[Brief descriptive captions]
··········
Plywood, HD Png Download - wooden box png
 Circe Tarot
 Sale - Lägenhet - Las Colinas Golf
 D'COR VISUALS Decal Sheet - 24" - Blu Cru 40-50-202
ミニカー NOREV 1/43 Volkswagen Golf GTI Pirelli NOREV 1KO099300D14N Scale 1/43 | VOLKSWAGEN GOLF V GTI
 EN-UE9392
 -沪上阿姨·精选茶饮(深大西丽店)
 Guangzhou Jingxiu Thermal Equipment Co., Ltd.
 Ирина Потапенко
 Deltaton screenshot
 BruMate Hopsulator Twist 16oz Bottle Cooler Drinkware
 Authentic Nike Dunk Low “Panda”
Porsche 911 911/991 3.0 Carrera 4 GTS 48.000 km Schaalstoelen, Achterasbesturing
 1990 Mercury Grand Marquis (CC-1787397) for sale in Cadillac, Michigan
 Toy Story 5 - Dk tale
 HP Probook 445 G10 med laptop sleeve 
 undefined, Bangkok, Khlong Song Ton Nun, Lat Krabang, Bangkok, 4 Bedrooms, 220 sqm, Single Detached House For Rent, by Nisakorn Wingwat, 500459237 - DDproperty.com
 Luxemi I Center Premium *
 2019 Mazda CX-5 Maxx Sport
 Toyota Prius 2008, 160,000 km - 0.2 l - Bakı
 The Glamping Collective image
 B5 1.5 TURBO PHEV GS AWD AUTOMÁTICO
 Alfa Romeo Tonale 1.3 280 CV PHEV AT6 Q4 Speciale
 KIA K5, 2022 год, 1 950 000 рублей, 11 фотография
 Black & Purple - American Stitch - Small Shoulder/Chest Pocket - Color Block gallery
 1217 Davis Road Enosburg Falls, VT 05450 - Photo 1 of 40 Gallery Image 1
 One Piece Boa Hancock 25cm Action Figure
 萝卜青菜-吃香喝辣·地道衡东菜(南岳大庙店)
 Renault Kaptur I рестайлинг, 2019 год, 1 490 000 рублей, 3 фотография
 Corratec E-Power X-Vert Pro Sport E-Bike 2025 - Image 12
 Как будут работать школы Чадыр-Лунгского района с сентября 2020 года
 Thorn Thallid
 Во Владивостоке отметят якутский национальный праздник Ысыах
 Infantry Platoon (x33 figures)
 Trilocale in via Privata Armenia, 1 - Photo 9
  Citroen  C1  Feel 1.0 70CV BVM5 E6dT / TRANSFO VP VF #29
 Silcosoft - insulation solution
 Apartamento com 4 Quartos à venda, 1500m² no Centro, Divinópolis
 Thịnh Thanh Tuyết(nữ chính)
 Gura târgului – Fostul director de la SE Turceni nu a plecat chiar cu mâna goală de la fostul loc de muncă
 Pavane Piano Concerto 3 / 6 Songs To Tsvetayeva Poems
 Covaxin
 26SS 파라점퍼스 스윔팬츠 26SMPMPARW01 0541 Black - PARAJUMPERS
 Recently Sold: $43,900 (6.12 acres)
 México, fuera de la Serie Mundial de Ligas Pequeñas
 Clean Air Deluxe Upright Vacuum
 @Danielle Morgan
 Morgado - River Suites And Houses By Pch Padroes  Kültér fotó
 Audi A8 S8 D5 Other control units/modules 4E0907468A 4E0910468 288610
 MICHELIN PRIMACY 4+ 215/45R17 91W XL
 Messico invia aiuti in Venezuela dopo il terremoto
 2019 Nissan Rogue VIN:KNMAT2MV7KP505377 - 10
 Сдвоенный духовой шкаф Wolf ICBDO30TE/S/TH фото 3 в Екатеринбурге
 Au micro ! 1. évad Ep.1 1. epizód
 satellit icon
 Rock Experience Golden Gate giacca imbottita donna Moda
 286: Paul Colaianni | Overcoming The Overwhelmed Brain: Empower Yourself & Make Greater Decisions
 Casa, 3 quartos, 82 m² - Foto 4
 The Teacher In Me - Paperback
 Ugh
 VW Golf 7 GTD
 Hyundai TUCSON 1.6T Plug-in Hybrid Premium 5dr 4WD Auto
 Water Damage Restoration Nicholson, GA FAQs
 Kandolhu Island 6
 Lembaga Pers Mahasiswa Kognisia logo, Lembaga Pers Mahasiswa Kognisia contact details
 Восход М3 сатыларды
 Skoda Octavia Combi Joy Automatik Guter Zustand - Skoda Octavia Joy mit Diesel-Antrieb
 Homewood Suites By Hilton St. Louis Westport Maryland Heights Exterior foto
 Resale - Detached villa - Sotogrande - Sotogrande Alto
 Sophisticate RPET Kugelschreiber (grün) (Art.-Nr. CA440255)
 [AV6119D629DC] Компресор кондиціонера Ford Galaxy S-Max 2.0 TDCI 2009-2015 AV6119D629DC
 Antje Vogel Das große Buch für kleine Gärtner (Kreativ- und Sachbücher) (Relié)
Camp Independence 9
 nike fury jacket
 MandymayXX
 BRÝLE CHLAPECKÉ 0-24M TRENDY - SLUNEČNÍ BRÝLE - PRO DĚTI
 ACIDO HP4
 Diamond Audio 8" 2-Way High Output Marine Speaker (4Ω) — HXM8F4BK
··········
▶ **ASSIGNED TASK**
Reproduce the entries exactly, but only from their first line to the line holding "Trilocale in via", with that last line kept.

▶ **RESPONSE TO THE EXERCISE**
Plywood, HD Png Download - wooden box png
 Circe Tarot
 Sale - Lägenhet - Las Colinas Golf
 D'COR VISUALS Decal Sheet - 24" - Blu Cru 40-50-202
ミニカー NOREV 1/43 Volkswagen Golf GTI Pirelli NOREV 1KO099300D14N Scale 1/43 | VOLKSWAGEN GOLF V GTI
 EN-UE9392
 -沪上阿姨·精选茶饮(深大西丽店)
 Guangzhou Jingxiu Thermal Equipment Co., Ltd.
 Ирина Потапенко
 Deltaton screenshot
 BruMate Hopsulator Twist 16oz Bottle Cooler Drinkware
 Authentic Nike Dunk Low “Panda”
Porsche 911 911/991 3.0 Carrera 4 GTS 48.000 km Schaalstoelen, Achterasbesturing
 1990 Mercury Grand Marquis (CC-1787397) for sale in Cadillac, Michigan
 Toy Story 5 - Dk tale
 HP Probook 445 G10 med laptop sleeve 
 undefined, Bangkok, Khlong Song Ton Nun, Lat Krabang, Bangkok, 4 Bedrooms, 220 sqm, Single Detached House For Rent, by Nisakorn Wingwat, 500459237 - DDproperty.com
 Luxemi I Center Premium *
 2019 Mazda CX-5 Maxx Sport
 Toyota Prius 2008, 160,000 km - 0.2 l - Bakı
 The Glamping Collective image
 B5 1.5 TURBO PHEV GS AWD AUTOMÁTICO
 Alfa Romeo Tonale 1.3 280 CV PHEV AT6 Q4 Speciale
 KIA K5, 2022 год, 1 950 000 рублей, 11 фотография
 Black & Purple - American Stitch - Small Shoulder/Chest Pocket - Color Block gallery
 1217 Davis Road Enosburg Falls, VT 05450 - Photo 1 of 40 Gallery Image 1
 One Piece Boa Hancock 25cm Action Figure
 萝卜青菜-吃香喝辣·地道衡东菜(南岳大庙店)
 Renault Kaptur I рестайлинг, 2019 год, 1 490 000 рублей, 3 фотография
 Corratec E-Power X-Vert Pro Sport E-Bike 2025 - Image 12
 Как будут работать школы Чадыр-Лунгского района с сентября 2020 года
 Thorn Thallid
 Во Владивостоке отметят якутский национальный праздник Ысыах
 Infantry Platoon (x33 figures)
 Trilocale in via Privata Armenia, 1 - Photo 9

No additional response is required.